All of Paul Thompson’s whips have Diplomat plates.
Young Jeezy has Louis Vuitton boostraps. (Wikipedia and Def Jam say the Young is gone but I anticipate liver problems and it’s too bleak and I’m still calling him Young Jeezy.) His wealth trickles slowly, he leans on tacit success stories. His jeweler looks like the Sheikh. He’s Barry Goldwater.
A New Yorker profile seems to suggest Elizabeth Warren won’t be running for President. Martin O’Malley is made of Play-Doh. Benghemails notwithstanding, Americans now view Hillary Clinton as a stronger leader than they did just a few months ago. The Democratic nomination should be hers to lose. But it isn’t. I believe in Shy Glizzy. The D.C. rapper and the Atlanta trapper teamed up this week for a remix to “Funeral,” the standout from December’s Law 3. Would you rob someone at a funeral? What if Boosie had a plus-one?

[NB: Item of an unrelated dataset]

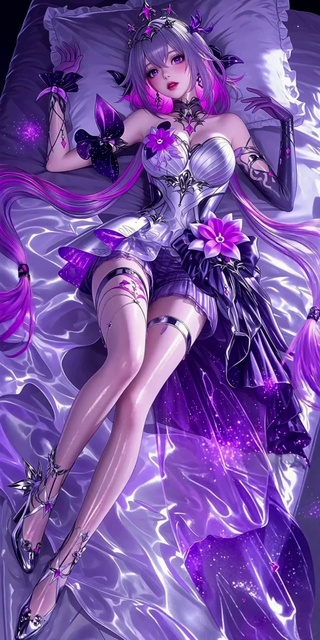 幻梦魅紫·遐蝶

Draped in white linen, Glizzy has laments for those he wanted to fuck or stunt on (sometimes both), Lambos for his wheelchair-bound uncle, beyond-the-grave fan mail for the girl from Taken from Me: The Tiffany Rubin Story. Jeezy is setting up trust funds, dodging assailants and the estate tax with similar ease. The tension plays out in their warring voices, Jeezy’s rasp heavier with age, Glizzy’s nasally drawl not yet weighed down by years in label purgatory.
It’s vain, and that’s the point. There are millions willed away and ailing grandmothers with brand-new canes, but there’s mostly a lot of flexing to be done, even after they shrug off the jewelry and the mortal coil.